Se um Ser quiser verdadeiramente viajar ao interior de si vai encontrar escuro, vai sentir um arrepio gélido a percorrer-lhe o corpo, a alojar-se nos instintos e a afastá-lo de si.

O medo é o nosso maior inimigo e um poderoso aliado. Tal como o ego é o nosso equilíbrio, o nosso protector quando percebido, interiorizado, iluminado.

É segurança, é travão e se nos pode afastar do caminho por nós traçado também pode ser a mão estendida que nos segura quando enfrentamos um mar de sargaços.

Decifrar a linha ténue entre um pólo e outro é uma aventura a que nos consentimos quando decidimos ser humanos, quando antes de virmos nos escolhemos, nos escrevemos no Livro da Vida.

Dentro de nós pode haver escuro, pode haver frio e uma casa desabitada, desarrumada mas se a aceitarmos, se a visitarmos e arejarmos ela transmuta-se num Lar de Amor e Luz, de divindade pura e abnegada.

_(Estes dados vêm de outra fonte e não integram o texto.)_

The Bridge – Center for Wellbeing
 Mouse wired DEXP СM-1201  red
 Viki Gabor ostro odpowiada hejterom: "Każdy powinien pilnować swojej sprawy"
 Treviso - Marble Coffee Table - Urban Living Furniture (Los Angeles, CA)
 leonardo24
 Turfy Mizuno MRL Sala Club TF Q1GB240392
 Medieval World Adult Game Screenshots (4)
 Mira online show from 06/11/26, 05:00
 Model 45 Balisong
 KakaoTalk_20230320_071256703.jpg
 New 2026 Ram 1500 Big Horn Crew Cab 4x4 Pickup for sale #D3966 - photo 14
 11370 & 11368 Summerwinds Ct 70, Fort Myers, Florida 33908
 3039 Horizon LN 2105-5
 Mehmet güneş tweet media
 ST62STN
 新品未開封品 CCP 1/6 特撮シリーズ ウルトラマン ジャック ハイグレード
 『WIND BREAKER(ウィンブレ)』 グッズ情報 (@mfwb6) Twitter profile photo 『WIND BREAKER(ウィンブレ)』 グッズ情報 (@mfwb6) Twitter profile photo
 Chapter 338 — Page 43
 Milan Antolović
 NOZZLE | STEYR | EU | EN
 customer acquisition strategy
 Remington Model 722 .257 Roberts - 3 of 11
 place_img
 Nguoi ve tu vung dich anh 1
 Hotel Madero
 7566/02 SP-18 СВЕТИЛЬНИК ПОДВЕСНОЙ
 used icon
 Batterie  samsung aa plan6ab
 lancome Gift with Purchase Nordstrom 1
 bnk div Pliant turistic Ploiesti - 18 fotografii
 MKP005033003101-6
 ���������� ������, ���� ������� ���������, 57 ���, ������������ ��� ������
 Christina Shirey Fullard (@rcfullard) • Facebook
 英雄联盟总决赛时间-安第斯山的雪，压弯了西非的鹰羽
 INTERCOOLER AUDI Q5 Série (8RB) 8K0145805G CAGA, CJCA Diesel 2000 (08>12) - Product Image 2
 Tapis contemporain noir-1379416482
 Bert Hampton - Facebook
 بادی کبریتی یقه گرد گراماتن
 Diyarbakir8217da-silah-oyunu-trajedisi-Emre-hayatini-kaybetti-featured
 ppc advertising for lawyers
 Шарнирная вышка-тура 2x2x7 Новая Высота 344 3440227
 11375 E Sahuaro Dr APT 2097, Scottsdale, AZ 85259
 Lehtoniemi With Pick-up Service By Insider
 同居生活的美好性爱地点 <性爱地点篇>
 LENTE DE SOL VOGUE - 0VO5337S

Poderia estar a falar de Amor e estou a falar do Eu. Não será essa a maior forma de Amor?

Eu bem sei o quão difícil é amarmo-nos, aceitarmo-nos totalmente e perdoarmo-nos.

Como é que uma criança pode compreender a falta de amor dos pais? Como é que pode aceitar os maus tratos sem se alterar? Como é que pode ouvir os gritos das violações sem se revoltar? Como é que pode assistir à decadência familiar sem se culpabilizar? Como é que pode sorrir, ser criança se lhe pedem que cresça, que seja adulta, se lhe aviltam a Esperança?

Todos temos traumas, dores incomensuráveis que nos abrasam por dentro e que a custo tentamos camuflar num sorriso, num gesto de carinho.

Quanto engano!

Há sempre uma altura em que irrompe em nós a amargura que calámos cá dentro, em que gritamos a raiva que criticámos nos outros, em que agimos impulsionados por uma força que mantivemos oculta e que nos dilacerou por dentro, em que somos o que julgámos.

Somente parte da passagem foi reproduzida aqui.